TASK DATA →
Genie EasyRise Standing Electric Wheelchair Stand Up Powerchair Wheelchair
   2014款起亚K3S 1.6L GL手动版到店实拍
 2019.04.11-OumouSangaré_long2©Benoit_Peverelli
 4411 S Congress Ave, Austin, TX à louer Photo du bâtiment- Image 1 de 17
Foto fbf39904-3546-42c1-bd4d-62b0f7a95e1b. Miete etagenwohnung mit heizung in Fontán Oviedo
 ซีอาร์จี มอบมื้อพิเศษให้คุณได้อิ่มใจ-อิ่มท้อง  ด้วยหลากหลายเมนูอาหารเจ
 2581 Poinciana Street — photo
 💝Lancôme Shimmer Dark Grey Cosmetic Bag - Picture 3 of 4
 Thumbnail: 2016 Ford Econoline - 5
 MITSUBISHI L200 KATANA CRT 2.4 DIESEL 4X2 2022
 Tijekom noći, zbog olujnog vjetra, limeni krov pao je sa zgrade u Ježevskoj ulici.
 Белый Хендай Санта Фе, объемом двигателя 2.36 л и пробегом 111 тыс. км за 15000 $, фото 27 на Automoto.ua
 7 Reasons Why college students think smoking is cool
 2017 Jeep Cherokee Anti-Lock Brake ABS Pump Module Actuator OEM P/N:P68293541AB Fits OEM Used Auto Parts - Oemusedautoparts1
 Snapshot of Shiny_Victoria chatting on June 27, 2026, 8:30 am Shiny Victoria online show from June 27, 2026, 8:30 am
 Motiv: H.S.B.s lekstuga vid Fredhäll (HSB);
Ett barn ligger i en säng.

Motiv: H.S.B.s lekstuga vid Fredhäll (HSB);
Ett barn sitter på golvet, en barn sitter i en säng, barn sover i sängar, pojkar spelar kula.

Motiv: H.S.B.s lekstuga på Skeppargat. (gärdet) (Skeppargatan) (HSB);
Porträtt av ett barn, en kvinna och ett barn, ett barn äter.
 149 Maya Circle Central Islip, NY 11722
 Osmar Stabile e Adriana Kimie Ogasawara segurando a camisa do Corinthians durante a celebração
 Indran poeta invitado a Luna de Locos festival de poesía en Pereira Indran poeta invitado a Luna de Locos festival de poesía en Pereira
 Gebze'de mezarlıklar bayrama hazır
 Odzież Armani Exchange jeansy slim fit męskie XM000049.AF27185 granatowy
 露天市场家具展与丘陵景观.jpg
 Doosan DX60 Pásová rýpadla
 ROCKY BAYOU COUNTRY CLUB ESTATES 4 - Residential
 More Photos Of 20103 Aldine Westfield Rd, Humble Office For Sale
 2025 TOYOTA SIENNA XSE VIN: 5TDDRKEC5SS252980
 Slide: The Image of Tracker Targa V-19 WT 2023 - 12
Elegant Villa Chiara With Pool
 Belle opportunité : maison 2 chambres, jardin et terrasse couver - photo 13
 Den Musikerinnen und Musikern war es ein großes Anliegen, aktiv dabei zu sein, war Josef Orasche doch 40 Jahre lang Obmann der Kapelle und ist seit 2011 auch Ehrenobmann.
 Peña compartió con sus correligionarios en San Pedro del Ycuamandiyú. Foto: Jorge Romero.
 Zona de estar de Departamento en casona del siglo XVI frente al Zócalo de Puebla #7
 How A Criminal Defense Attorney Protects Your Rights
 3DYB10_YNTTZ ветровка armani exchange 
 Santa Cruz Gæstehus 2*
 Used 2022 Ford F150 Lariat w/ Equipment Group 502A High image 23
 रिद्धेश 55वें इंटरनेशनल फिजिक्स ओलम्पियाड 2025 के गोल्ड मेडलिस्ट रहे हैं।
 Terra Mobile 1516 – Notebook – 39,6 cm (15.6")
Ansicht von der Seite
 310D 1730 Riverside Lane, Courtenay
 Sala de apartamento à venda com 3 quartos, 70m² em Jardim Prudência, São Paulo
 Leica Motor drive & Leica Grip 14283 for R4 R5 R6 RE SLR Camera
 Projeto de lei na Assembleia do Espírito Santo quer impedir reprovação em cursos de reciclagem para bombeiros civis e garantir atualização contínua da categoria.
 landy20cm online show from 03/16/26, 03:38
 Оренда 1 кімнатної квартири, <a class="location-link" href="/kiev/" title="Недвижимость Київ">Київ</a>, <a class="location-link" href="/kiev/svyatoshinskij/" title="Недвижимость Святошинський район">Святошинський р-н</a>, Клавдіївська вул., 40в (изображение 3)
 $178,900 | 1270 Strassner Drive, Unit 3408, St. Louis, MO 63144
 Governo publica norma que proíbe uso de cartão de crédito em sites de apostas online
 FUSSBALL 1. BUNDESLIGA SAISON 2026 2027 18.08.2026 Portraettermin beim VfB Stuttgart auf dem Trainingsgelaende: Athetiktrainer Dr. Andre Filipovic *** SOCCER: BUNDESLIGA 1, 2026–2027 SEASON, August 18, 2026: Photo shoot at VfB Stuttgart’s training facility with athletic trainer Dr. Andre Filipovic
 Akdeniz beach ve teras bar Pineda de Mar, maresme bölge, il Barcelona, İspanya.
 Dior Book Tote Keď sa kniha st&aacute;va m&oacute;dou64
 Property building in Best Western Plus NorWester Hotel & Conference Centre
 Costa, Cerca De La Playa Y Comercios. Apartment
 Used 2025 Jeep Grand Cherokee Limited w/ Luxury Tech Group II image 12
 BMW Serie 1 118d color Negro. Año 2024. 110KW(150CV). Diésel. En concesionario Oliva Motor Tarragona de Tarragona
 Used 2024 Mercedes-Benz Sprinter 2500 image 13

EXERCISE →
Each line of the material must be copied exactly.

OUTPUT FOR THIS EXERCISE →
Genie EasyRise Standing Electric Wheelchair Stand Up Powerchair Wheelchair
   2014款起亚K3S 1.6L GL手动版到店实拍
 2019.04.11-OumouSangaré_long2©Benoit_Peverelli
 4411 S Congress Ave, Austin, TX à louer Photo du bâtiment- Image 1 de 17
Foto fbf39904-3546-42c1-bd4d-62b0f7a95e1b. Miete etagenwohnung mit heizung in Fontán Oviedo
 ซีอาร์จี มอบมื้อพิเศษให้คุณได้อิ่มใจ-อิ่มท้อง  ด้วยหลากหลายเมนูอาหารเจ
 2581 Poinciana Street — photo
 💝Lancôme Shimmer Dark Grey Cosmetic Bag - Picture 3 of 4
 Thumbnail: 2016 Ford Econoline - 5
 MITSUBISHI L200 KATANA CRT 2.4 DIESEL 4X2 2022
 Tijekom noći, zbog olujnog vjetra, limeni krov pao je sa zgrade u Ježevskoj ulici.
 Белый Хендай Санта Фе, объемом двигателя 2.36 л и пробегом 111 тыс. км за 15000 $, фото 27 на Automoto.ua
 7 Reasons Why college students think smoking is cool
 2017 Jeep Cherokee Anti-Lock Brake ABS Pump Module Actuator OEM P/N:P68293541AB Fits OEM Used Auto Parts - Oemusedautoparts1
 Snapshot of Shiny_Victoria chatting on June 27, 2026, 8:30 am Shiny Victoria online show from June 27, 2026, 8:30 am
 Motiv: H.S.B.s lekstuga vid Fredhäll (HSB);
Ett barn ligger i en säng.

Motiv: H.S.B.s lekstuga vid Fredhäll (HSB);
Ett barn sitter på golvet, en barn sitter i en säng, barn sover i sängar, pojkar spelar kula.

Motiv: H.S.B.s lekstuga på Skeppargat. (gärdet) (Skeppargatan) (HSB);
Porträtt av ett barn, en kvinna och ett barn, ett barn äter.
 149 Maya Circle Central Islip, NY 11722
 Osmar Stabile e Adriana Kimie Ogasawara segurando a camisa do Corinthians durante a celebração
 Indran poeta invitado a Luna de Locos festival de poesía en Pereira Indran poeta invitado a Luna de Locos festival de poesía en Pereira
 Gebze'de mezarlıklar bayrama hazır
 Odzież Armani Exchange jeansy slim fit męskie XM000049.AF27185 granatowy
 露天市场家具展与丘陵景观.jpg
 Doosan DX60 Pásová rýpadla
 ROCKY BAYOU COUNTRY CLUB ESTATES 4 - Residential
 More Photos Of 20103 Aldine Westfield Rd, Humble Office For Sale
 2025 TOYOTA SIENNA XSE VIN: 5TDDRKEC5SS252980
 Slide: The Image of Tracker Targa V-19 WT 2023 - 12
Elegant Villa Chiara With Pool
 Belle opportunité : maison 2 chambres, jardin et terrasse couver - photo 13
 Den Musikerinnen und Musikern war es ein großes Anliegen, aktiv dabei zu sein, war Josef Orasche doch 40 Jahre lang Obmann der Kapelle und ist seit 2011 auch Ehrenobmann.
 Peña compartió con sus correligionarios en San Pedro del Ycuamandiyú. Foto: Jorge Romero.
 Zona de estar de Departamento en casona del siglo XVI frente al Zócalo de Puebla #7
 How A Criminal Defense Attorney Protects Your Rights
 3DYB10_YNTTZ ветровка armani exchange 
 Santa Cruz Gæstehus 2*
 Used 2022 Ford F150 Lariat w/ Equipment Group 502A High image 23
 रिद्धेश 55वें इंटरनेशनल फिजिक्स ओलम्पियाड 2025 के गोल्ड मेडलिस्ट रहे हैं।
 Terra Mobile 1516 – Notebook – 39,6 cm (15.6")
Ansicht von der Seite
 310D 1730 Riverside Lane, Courtenay
 Sala de apartamento à venda com 3 quartos, 70m² em Jardim Prudência, São Paulo
 Leica Motor drive & Leica Grip 14283 for R4 R5 R6 RE SLR Camera
 Projeto de lei na Assembleia do Espírito Santo quer impedir reprovação em cursos de reciclagem para bombeiros civis e garantir atualização contínua da categoria.
 landy20cm online show from 03/16/26, 03:38
 Оренда 1 кімнатної квартири, <a class="location-link" href="/kiev/" title="Недвижимость Київ">Київ</a>, <a class="location-link" href="/kiev/svyatoshinskij/" title="Недвижимость Святошинський район">Святошинський р-н</a>, Клавдіївська вул., 40в (изображение 3)
 $178,900 | 1270 Strassner Drive, Unit 3408, St. Louis, MO 63144
 Governo publica norma que proíbe uso de cartão de crédito em sites de apostas online
 FUSSBALL 1. BUNDESLIGA SAISON 2026 2027 18.08.2026 Portraettermin beim VfB Stuttgart auf dem Trainingsgelaende: Athetiktrainer Dr. Andre Filipovic *** SOCCER: BUNDESLIGA 1, 2026–2027 SEASON, August 18, 2026: Photo shoot at VfB Stuttgart’s training facility with athletic trainer Dr. Andre Filipovic
 Akdeniz beach ve teras bar Pineda de Mar, maresme bölge, il Barcelona, İspanya.
 Dior Book Tote Keď sa kniha st&aacute;va m&oacute;dou64
 Property building in Best Western Plus NorWester Hotel & Conference Centre
 Costa, Cerca De La Playa Y Comercios. Apartment
 Used 2025 Jeep Grand Cherokee Limited w/ Luxury Tech Group II image 12
 BMW Serie 1 118d color Negro. Año 2024. 110KW(150CV). Diésel. En concesionario Oliva Motor Tarragona de Tarragona
 Used 2024 Mercedes-Benz Sprinter 2500 image 13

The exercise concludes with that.